-- Study material --
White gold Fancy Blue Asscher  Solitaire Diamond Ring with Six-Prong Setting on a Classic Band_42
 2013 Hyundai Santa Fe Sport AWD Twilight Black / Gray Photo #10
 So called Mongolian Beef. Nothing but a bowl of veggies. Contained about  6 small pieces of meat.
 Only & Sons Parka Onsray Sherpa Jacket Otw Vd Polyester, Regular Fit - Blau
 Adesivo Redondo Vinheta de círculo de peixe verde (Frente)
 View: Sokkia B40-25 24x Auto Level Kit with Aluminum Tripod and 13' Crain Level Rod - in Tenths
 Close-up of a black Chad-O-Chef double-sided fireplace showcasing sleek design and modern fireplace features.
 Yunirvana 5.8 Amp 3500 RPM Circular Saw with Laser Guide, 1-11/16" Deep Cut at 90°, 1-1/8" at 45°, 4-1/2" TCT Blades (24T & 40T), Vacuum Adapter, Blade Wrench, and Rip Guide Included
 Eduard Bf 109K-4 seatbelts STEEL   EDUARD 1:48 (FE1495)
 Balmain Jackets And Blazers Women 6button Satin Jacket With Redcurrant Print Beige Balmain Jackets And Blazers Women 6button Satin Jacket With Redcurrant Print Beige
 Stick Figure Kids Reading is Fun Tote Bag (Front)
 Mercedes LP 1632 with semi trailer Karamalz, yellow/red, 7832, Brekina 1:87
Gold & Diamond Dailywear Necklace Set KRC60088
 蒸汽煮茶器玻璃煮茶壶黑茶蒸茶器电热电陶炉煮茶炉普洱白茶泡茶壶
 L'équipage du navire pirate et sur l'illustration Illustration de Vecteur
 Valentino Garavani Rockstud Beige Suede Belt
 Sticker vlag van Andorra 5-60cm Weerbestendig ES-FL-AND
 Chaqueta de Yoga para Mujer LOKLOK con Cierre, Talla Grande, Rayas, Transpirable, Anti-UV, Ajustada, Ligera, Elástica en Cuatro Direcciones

-- Assigned task --
Set down each entry again, unchanged.

-- Answer to this problem --
White gold Fancy Blue Asscher  Solitaire Diamond Ring with Six-Prong Setting on a Classic Band_42
 2013 Hyundai Santa Fe Sport AWD Twilight Black / Gray Photo #10
 So called Mongolian Beef. Nothing but a bowl of veggies. Contained about  6 small pieces of meat.
 Only & Sons Parka Onsray Sherpa Jacket Otw Vd Polyester, Regular Fit - Blau
 Adesivo Redondo Vinheta de círculo de peixe verde (Frente)
 View: Sokkia B40-25 24x Auto Level Kit with Aluminum Tripod and 13' Crain Level Rod - in Tenths
 Close-up of a black Chad-O-Chef double-sided fireplace showcasing sleek design and modern fireplace features.
 Yunirvana 5.8 Amp 3500 RPM Circular Saw with Laser Guide, 1-11/16" Deep Cut at 90°, 1-1/8" at 45°, 4-1/2" TCT Blades (24T & 40T), Vacuum Adapter, Blade Wrench, and Rip Guide Included
 Eduard Bf 109K-4 seatbelts STEEL   EDUARD 1:48 (FE1495)
 Balmain Jackets And Blazers Women 6button Satin Jacket With Redcurrant Print Beige Balmain Jackets And Blazers Women 6button Satin Jacket With Redcurrant Print Beige
 Stick Figure Kids Reading is Fun Tote Bag (Front)
 Mercedes LP 1632 with semi trailer Karamalz, yellow/red, 7832, Brekina 1:87
Gold & Diamond Dailywear Necklace Set KRC60088
 蒸汽煮茶器玻璃煮茶壶黑茶蒸茶器电热电陶炉煮茶炉普洱白茶泡茶壶
 L'équipage du navire pirate et sur l'illustration Illustration de Vecteur
 Valentino Garavani Rockstud Beige Suede Belt
 Sticker vlag van Andorra 5-60cm Weerbestendig ES-FL-AND
 Chaqueta de Yoga para Mujer LOKLOK con Cierre, Talla Grande, Rayas, Transpirable, Anti-UV, Ajustada, Ligera, Elástica en Cuatro Direcciones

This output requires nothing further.